New Tennessee Policy may allow more State residents to consume marijuana
Tennessee legislators can’t get medical marijuana legislation passed to save their lives, but the state’s Bureau of Investigation has announced a new policy that may make it easier on cannabis consumers. The agency will stop testing quantities of marijuana that are under half an ounce.
The shift will supposedly make it prohibitively difficult for prosecutors to build a case against individuals charged with cannabis possession. Without evidence that the substance carried by individuals is cannabis, cops won’t have much to work with.
But as a local news site reports, not everyone is enthused the shift. “This is not necessarily something that should give us any hope,” said Josh Spickler, executive director of justice reform group Just City. “We don’t have decriminalization. It is still a crime, and our police department has been very clear that they pursue arrests for possession of this drug.”
Criminal defense lawyer Brandon Hall says the new 14-gram cutoff may result in more people charged with cannabis offenses opting to go to trial rather than plead guilty.
“It would result in a dismissal because they could not meet their burden of proof to show that the drug, the alleged marijuana, actually contained THC,” Hall said. Currently, the attorney says that not too many possession cases make it to trial, and that the state tries to take care of them before they make it that far.

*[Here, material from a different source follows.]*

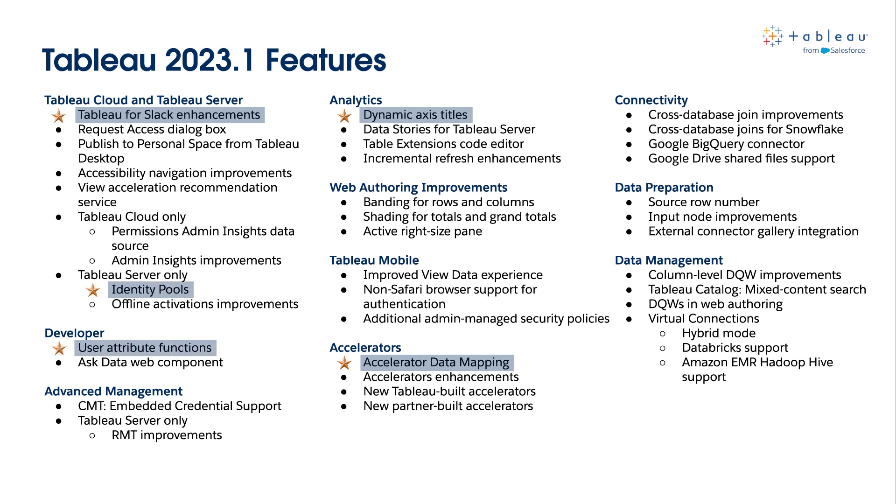For me personally, I'm really looking forward to the Accelerator Data Mapping feature. This feature really does have the power to make Accelerator Reports accessible for everyone. With my experience in creating Accelerator Reports for my company, anything that helps to reduce the barrier to entry for those using the reports is a big win.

Despite many pieces of proposed cannabis legislation, Tennessee continues to be a state without legal access to recreational or even medical marijuana. In 2019, for the third consecutive year, a medical cannabis bill went nowhere. Republican state senator and anesthesiologist Steve Dickerson has sponsored the failed plans. He says he will try again next year, when he will hopefully be able to pull together more votes in support of medical cannabis access. Dickerson says the plan is “on the precipice of success,” although it cannot be considered until 2020.
The drag on legalization of even medicinal marijuana runs contrary to the wishes of a lot of state residents. A poll with results published in September found that a full 88 percent of respondents in the Tennessee state capital of Chattanooga were in favor of legalizing medicinal cannabis, and 40 percent thought that recreational marijuana should also be regulated.
Tennessee has also seen a rapid expansion in its hemp industry, with the quantity of licensed farmers expanding by almost 1,500 percent in 2019. Many of those, however, have expressed uncertainty about who will buy their crop when it is ready to be processed. Cooperatives have sprung up to help connect producers with suppliers.
The Tennessee Bureau of Investigation announced in September that it had developed a minutes-long lab process that could tell the difference between hemp and marijuana. The technology will reportedly assist the agency in processing its current caseload of 10,000 cannabis-related offenses. But happily, thanks to the bureau’s recent memo, it appears that the technology will not be used anytime soon for individuals carrying around a respectable amount of weed.